Professor of Biology

Lewis & Clark College

Portland Oregon

email: autumn (@) lclark.edu


General Research Interests:

  1. Biomechanics, physiology, and evolution of animal locomotion

  2. Adhesive biomaterials in geckos and other animals

  3. Biological inspiration for novel engineering designs.


Professional Accomplishments:

  1. Founded new sub-field of research: gecko adhesion / adhesive nanostructures at the interface between biology, physics, and materials science.

  2. Discovered that geckos stick to walls with intermolecular van Waals forces (PNAS 2002).

  3. Discovered that gecko foot-hairs are the first self-cleaning adhesive known to science (PNAS 2005)

  4. Discovered that gecko setae are a "smart adhesive" controlled mechanically not chemically (Nature 2000).

  5. Invented and patented first biologically-inspired design for gecko-like dry adhesive nanostructures, "gecko glue". US Patents #6,737,160 and #7,011,723.

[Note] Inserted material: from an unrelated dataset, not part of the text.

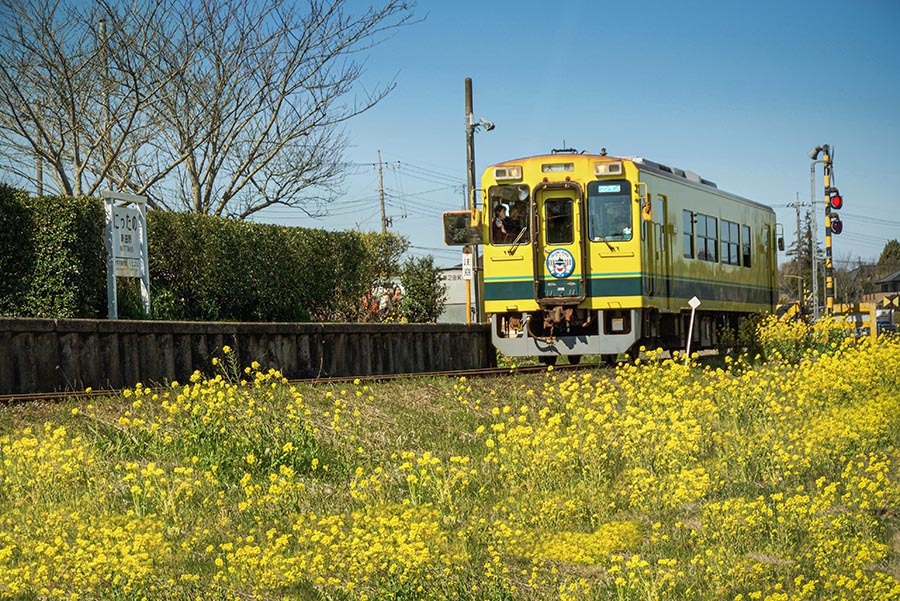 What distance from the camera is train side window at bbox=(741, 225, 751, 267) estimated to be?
2333cm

  6. Discovered that geckos use only 1/3 as much energy to move as do other animals with legs.

  7. Challenged common assumption that evolution produces optimal designs. Showed that adaptation often produces suboptimal designs.


Biography

Kellar Autumn’s research focuses on the mechanisms and evolution of animal locomotion, and on developing biologically inspired materials and machines. Autumn is best known for his discovery of the mechanism of adhesion of geckos.

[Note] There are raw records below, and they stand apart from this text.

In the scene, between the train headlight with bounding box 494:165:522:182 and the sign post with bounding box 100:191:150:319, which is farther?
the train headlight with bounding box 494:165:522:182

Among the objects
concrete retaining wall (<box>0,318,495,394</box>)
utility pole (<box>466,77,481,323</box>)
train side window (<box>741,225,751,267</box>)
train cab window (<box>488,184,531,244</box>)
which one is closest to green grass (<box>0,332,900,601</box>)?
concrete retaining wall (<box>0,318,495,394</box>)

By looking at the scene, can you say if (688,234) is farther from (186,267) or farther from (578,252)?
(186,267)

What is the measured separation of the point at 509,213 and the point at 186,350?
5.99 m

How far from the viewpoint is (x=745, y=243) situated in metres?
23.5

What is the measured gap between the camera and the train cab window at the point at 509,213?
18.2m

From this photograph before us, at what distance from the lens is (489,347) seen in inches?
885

Autumn is the leader of the Gecko Team, a collaboration between L&C (Autumn), UC Berkeley, Stanford, and UCSB. In 2005, Autumn’s lab discovered that gecko setae are the first self-cleaning adhesive known to science. This work was published in Proceedings of the National Academy of Sciences, USA. In 2002, the Gecko Team determined the molecular mechanism of adhesion in geckos. The team showed that geckos use a dry adhesion system that depends on van der Waals forces (Autumn et al. 2002), the cover story in the Proceedings of the National Academy of Sciences, USA. These results suggest that gecko setae are a novel type of dry adhesive that depends more on geometry than on chemistry. In 2000, the Gecko Team determined the mechanical requirements for attachment and detachment in single isolated gecko setae (Autumn et al. 2000), published in the journal Nature. The gecko adhesive system is perhaps the first truly smart adhesive, with novel properties including a dry vdW mechanism, directionality, reversibility, mechanical control, self-cleaning, and dynamics. Autumn has begun to transfer these properties to the design and fabrication of synthetic gecko-inspired smart adhesives that may revolutionize adhesives and assembly techniques. Autumn’s work has been featured on every major television network and in hundreds of newspaper, magazine, and Internet articles worldwide.